LaKeith Stanfield Comes Clean on His Anti-Semitism Controversy: ‘I Don’t Stand by Louis Farrakhan’
The Oscar-nominated actor was criticized after moderating a Clubhouse room where anti-Semitic hate speech ran rampant. He tells The Daily Beast where he went wrong.
LaKeith Stanfield found himself in the midst of a storm of his own making last week when he decided to sit for hours on end in a Clubhouse room that quickly spiraled out of control, as dozens of people spouted off anti-Semitic rhetoric.
While the 29-year-old actor never said anything anti-Semitic, his presence in the room, allowing himself to be a moderator, and his self-admitted lack of knowledge about Louis Farrakhan’s well-documented history of hate speech toward Jewish people was roundly criticized.
But Stanfield now says he wants to set the record straight. “I definitely don’t align myself with Louis Farrakhan, I don’t stand by him,” he tells The Daily Beast. “Any kind of hate speech, I vehemently reject. That’s not up for debate, hate is not up for debate.”
However, hate speech was indeed spread in that Clubhouse room last Wednesday under the guise of having a “balanced” conversation about whether Farrakhan’s legacy had been tarnished by his anti-Semitic views. When that first room was shut down by a moderator who deemed that the conversation had gotten too inflammatory, a second room popped up to pick up where the first one left off.
Stanfield, who is currently in London filming the upcoming season of FX’s Atlanta, said he was intrigued when he came across the room because while he had heard of Farrakhan before, he “wasn’t sure to what extent” Farrakhan had courted controversy. “So, I was curious to kind of educate myself more on the topic,” he explains.
If it was an education that he was looking for, there was none to be found in that space. The Daily Beast spoke with one Jewish man and three Jewish women who were in the room, each confirming that what they heard was vile anti-Semitism, and the talk wouldn’t go for more than a few minutes without hearing some form of hate speech.

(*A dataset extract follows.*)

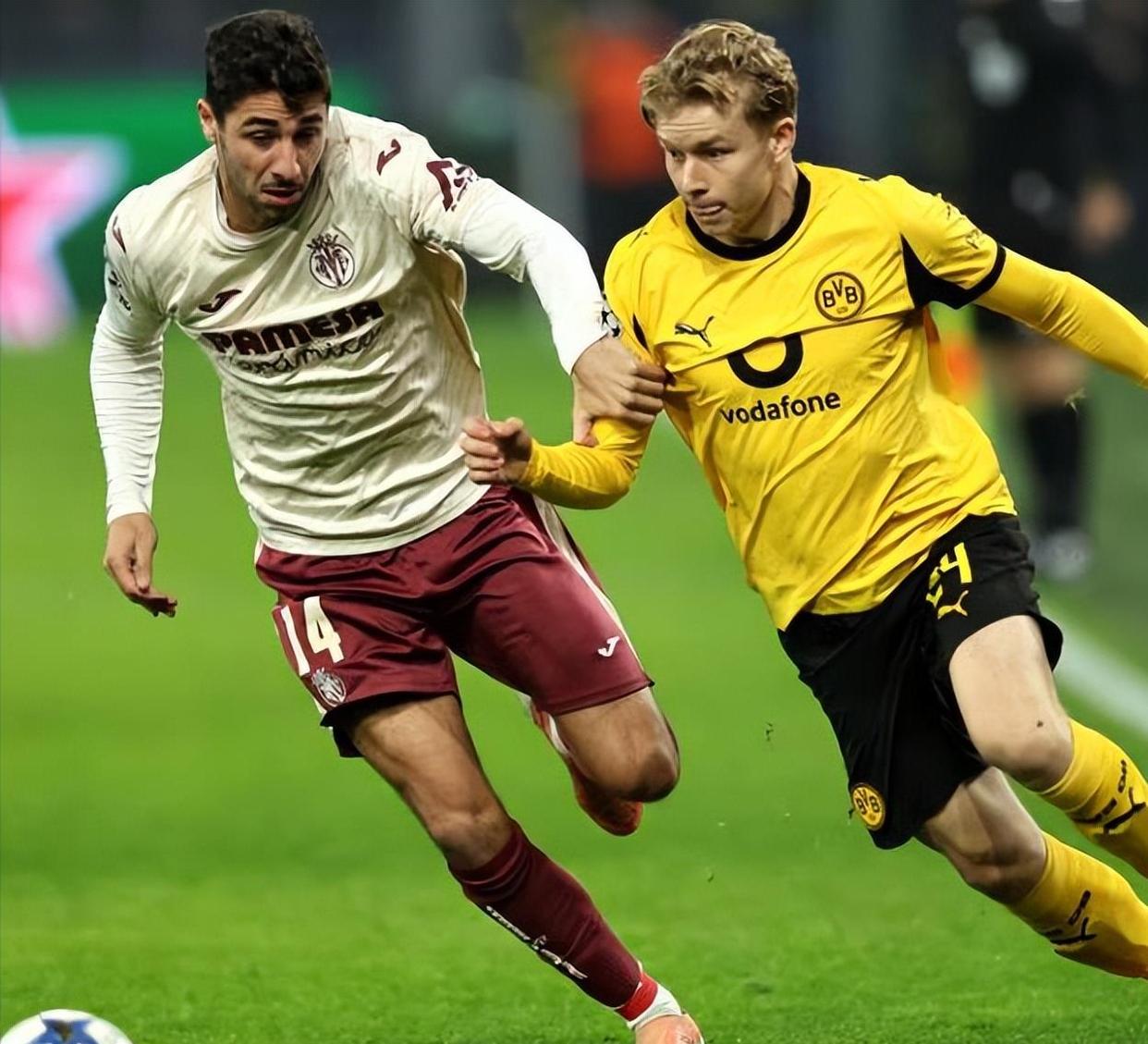 阿贾克斯回应争议备战国王杯曼城赛后临场应变，赛后犹他爵士内部沟通看傻球迷的简单介绍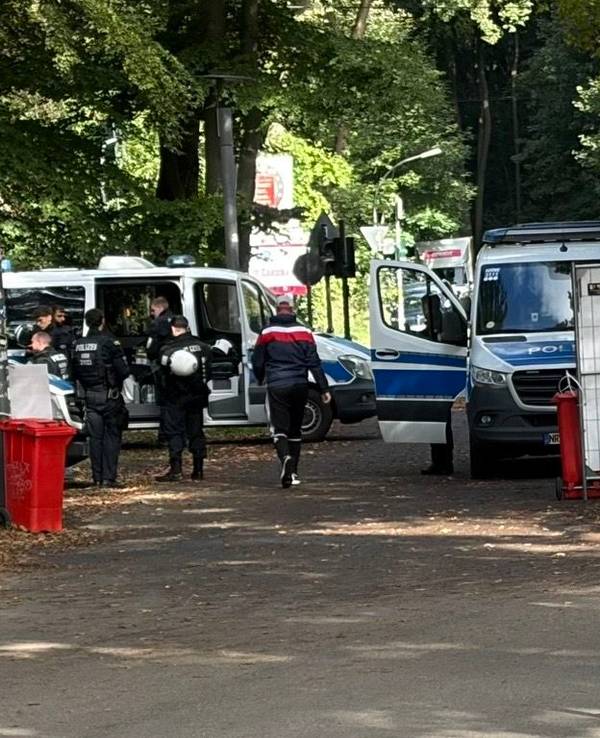 Polizeifahrzeuge vor dem FC-Spiel am Rhein-Energie-Stadion.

Hosting the room was Sam Bito, a Clubhouse member who joined in October and often leads discussions on a variety of topics—sometimes trivial, other times controversial. The Daily Beast reached out to Bito, but he declined to be interviewed over the phone if he couldn’t record the conversation and have the ability to publish the audio on his social media platform.
The room was billed as a conversation to help “bridge the gap” between the Black and Jewish communities, according to a video Bito published on Instagram. While the room was about 90 percent Black and the rest Jewish, he attempted to give equal speaking time to both groups, he claimed.

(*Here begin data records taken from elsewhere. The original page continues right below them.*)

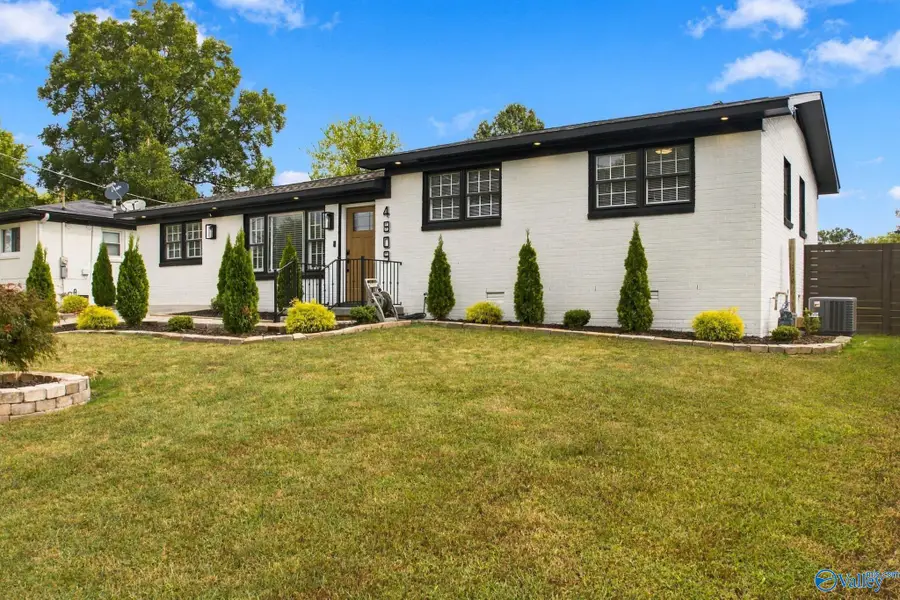 4809 Lumary Drive Nw, Huntsville, AL 35810 - #3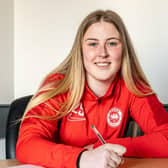 Cerys Sharkey puts pen to paper on new pro deal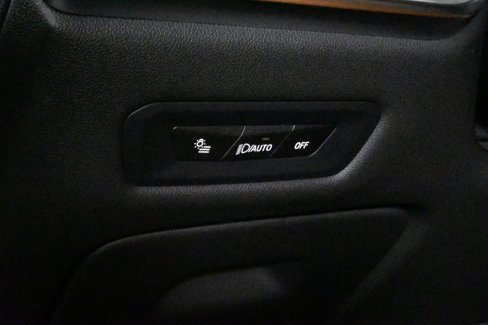 New 2026 BMW X5 xDrive50e w/ M Sport Package image 27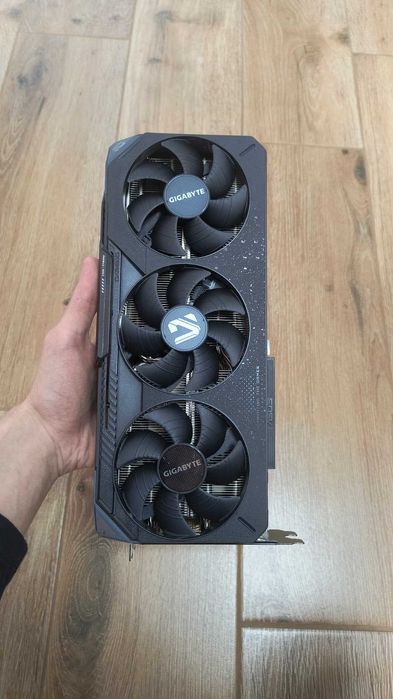Placă video GIGABYTE GAMING OC RX 9070 XT, 16GB GDDR6, 256-bit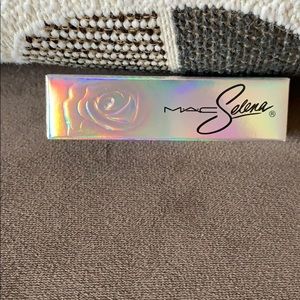 *BRAND NEW* MAC SELENA QUEEN OF CUMBIA LIP…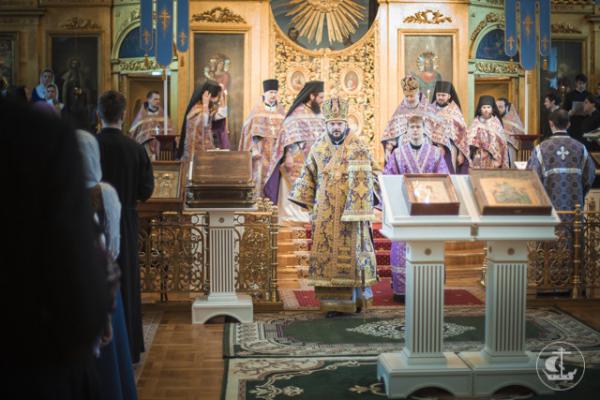 В Неделю святителя Григория Паламы в академическом храме совершены священническая и диаконская хиротонии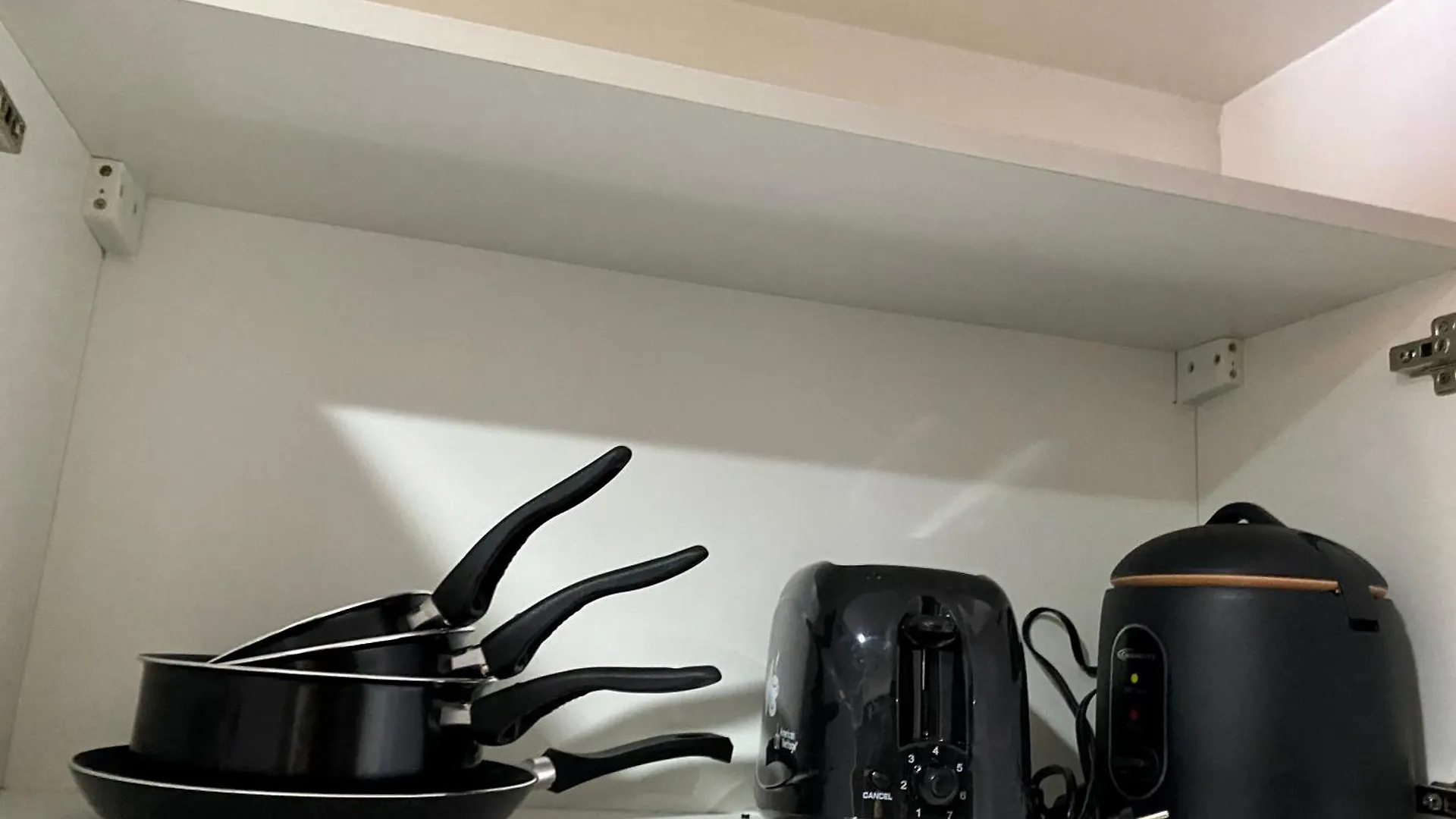 Twin Condo Luxury Makati Marvel 300 Mbps Internet Manila 0*,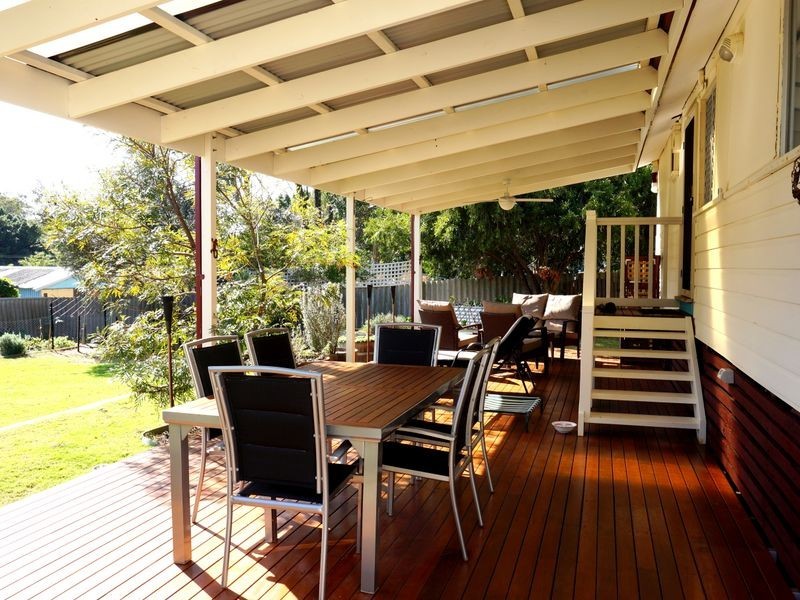 8 Munday Way, Medina WA 6167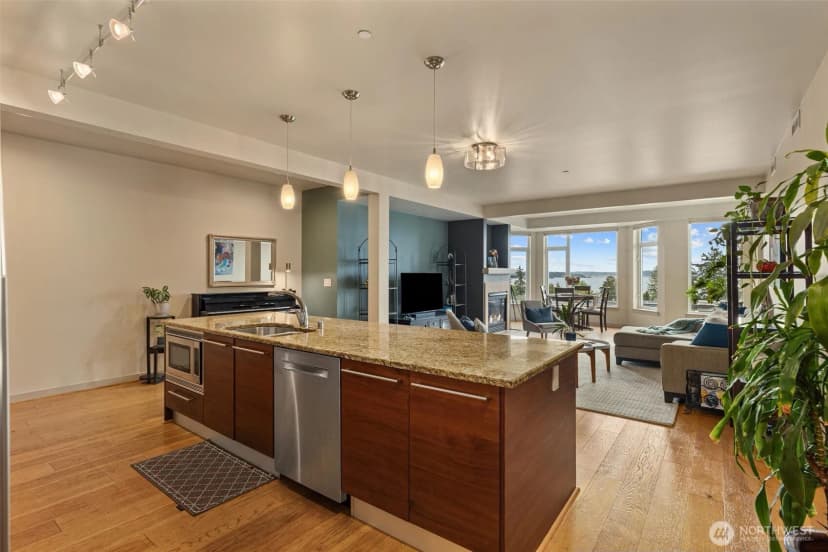 Property photo for 631 Market Street #401, Kirkland photo 8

But the Jewish Clubhouse users who were in the room described the discussion as more of an attack, wherein they were forced to defend themselves against—and try to explain why—what was being said was considered anti-Semitic, over and over again.

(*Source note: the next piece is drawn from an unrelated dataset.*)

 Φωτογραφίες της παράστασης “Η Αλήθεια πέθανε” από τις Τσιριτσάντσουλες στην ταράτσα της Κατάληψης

“It was like the worst vile anti-Semitism that you can imagine being spewed and the Jewish community trying to defend [themselves] to no avail,” recalls Ari Ingel, director of Creative Community for Peace, which works to counter anti-Semitism within the entertainment industry. “It was an extremely troubling room and an extremely disturbing amount of anti-Semitism and conspiracy theories, from Jews running the slave trade, to Jews controlling the slave trade, to running all the banks, to running all the studios—you name it it was in there.”
A Jewish woman who listened into the room and did not wish to be named out of fear of further harassment is adamant that there was no debate to even be had, especially not a debate over Farrakhan. “There’s no other perspective,” she says. “I’m not going to debate anyone for my humanity or be told that Hitler was right or that my identity and my heritage is not real.”
“I’m so tired of this other side. Whenever someone’s sentence starts, ‘Well, Hitler had a point’ or ‘Hitler was wrong about a lot but here’s something he did that was right,’ you have no point, there’s no leg to stand on.” (Farrakhan has repeatedly called Hitler “a very great man” and Jews “Satanic.”)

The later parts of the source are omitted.